Palestine et Gaza
Question de :
M. Colombani Louis
- UDF
Les termes de la declaration de principe, signee a Washington entre Israel et l'OLP le 13 septembre 1993, stipulent que doivent etre transferes aux Palestiniens, dans le cadre de l'autonomie, les pouvoirs en matiere economique, fiscale, bancaire et monetaire. Ces dispositions touchent en premier lieu la bande de Gaza et Jericho. Le 6 octobre 1993, au Caire, MM. Yitzhak Rabin, Premier ministre israelien, et Yasser Arafat, chef de l'OLP, decidaient d'un commun accord de la creation d'une « commission economique israelo-palestinienne ». Cette derniere a pour mission d'etablir le cadre de la politique et de la cooperation economique entre Israel et la future autonomie palestinienne dans les territoires occupes. Les 16 et 17 novembre 1993, cette commission s'est reunie a Paris, en presence de M. Avraham Shohat, ministre israelien des finances et de M. Ahmad Korei (Abou Alaa), chef du departement de l'OLP. Cette rencontre, qui intervient une dizaine de jours apres celle des bailleurs de fonds de l'autonomie palestinienne (Paris, 5 novembre 1993), avait pour tache d'examiner les dossiers relatifs aux questions monetaires, fiscales, du commerce et des projets communs.

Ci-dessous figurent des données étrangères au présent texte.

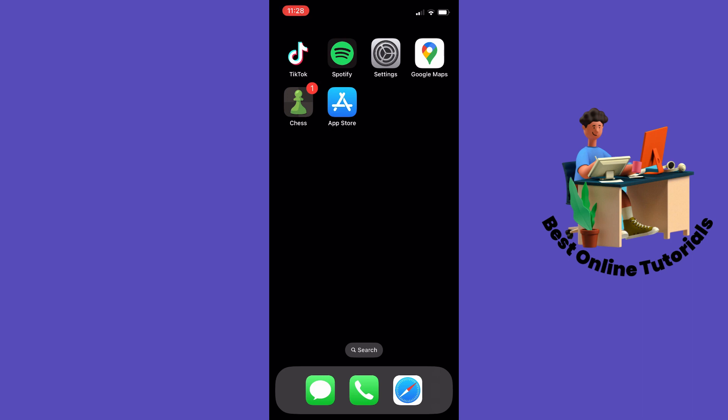If you are on Android you want to go to settings and then you want to navigate to apps and then you want to locate and select the Chess.com app. And then you want to tap on storage and cache and then clear storage and then clear cache. And this will do the same as I just did on my iPhone.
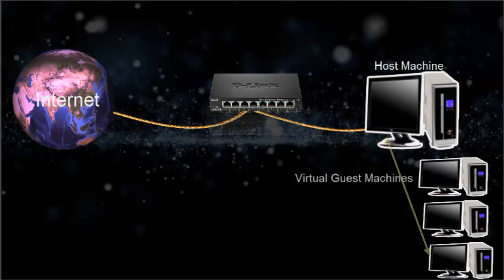But many other machines on the same network as well as the host itself are also not able to communicate with this guest machine.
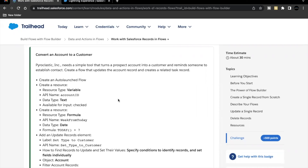Hello everyone. In this unit, we are going to cover the unit 'Work with Salesforce Records in Flows.' This unit is from the module 'Data and Actions in Flows.' In this unit's challenge, we will be creating an auto-launched flow and going through the concept of how we can create different resources of different data types and different record elements.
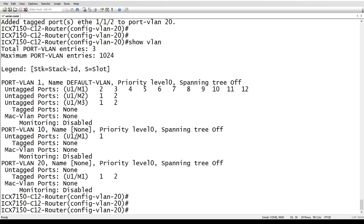The other thing is, if you've got old configs that are dual mode, when you upgrade them to 8080, the system is going to convert those from dual mode to this new tagged and untagged method for you automatically. So you don't have to worry about doing that upgrade and all of a sudden your ports are in the wrong VLANs. It will read those dual mode configs and convert them the first time the system reboots after the reload.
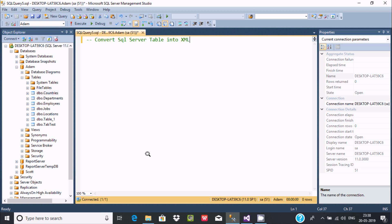In this video I am going to discuss how to convert a SQL Server table into XML format. This is the table that I am going to convert into XML.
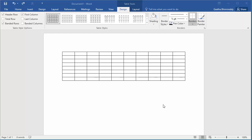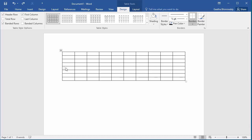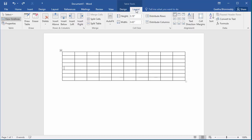To split a table, place the cursor in the row that should become the first row in the second table. Click on Layout button under Table Tools. Click on Split Table.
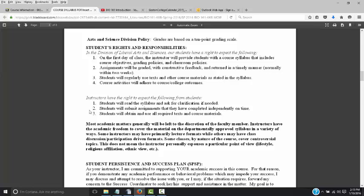What I have the right to expect from you as a student: you will read this syllabus and ask for clarification if needed. Odds are, if you have a question about the course, it's somewhere in the syllabus, so try to look there first. Students will submit assignments they have completed independently and on time. You will obtain and use all required texts and course materials.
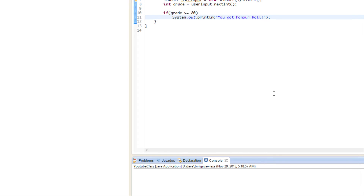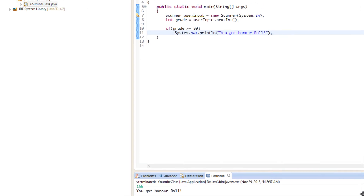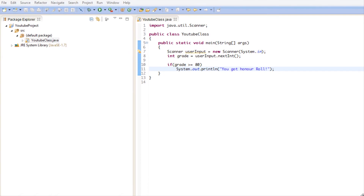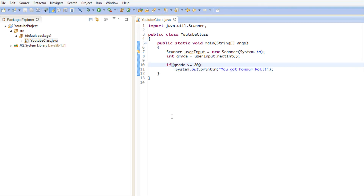The program seems great, but look what happens when we put 156 — it says 'you got on honor roll.' But is it possible to get 156? No, grades go from 0 to 100. So we have to fix this by putting the grade within the valid range — we want to check if the user's grade is between 80 and 100.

C'est concernant ce dernier point precisement que M. Louis Colombani reitere aupres de M. le ministre des affaires etrangeres la question qu'il lui posait le 11 octobre dernier (no 6925, JO du 10 octobre 1993), et par laquelle il sollicitait de celui-ci qu'il lui indique la nature des dispositions qu'il entend vis-a-vis des autorites israeliennes et des representants officiels de l'OLP, afin de promouvoir nos entreprises francaises qui souhaiteraient acceder aux marches qui, sous des delais relativement courts, se presenteront pour l'amenagement des futurs territoires autonomes de la bande de Gaza et de Jericho.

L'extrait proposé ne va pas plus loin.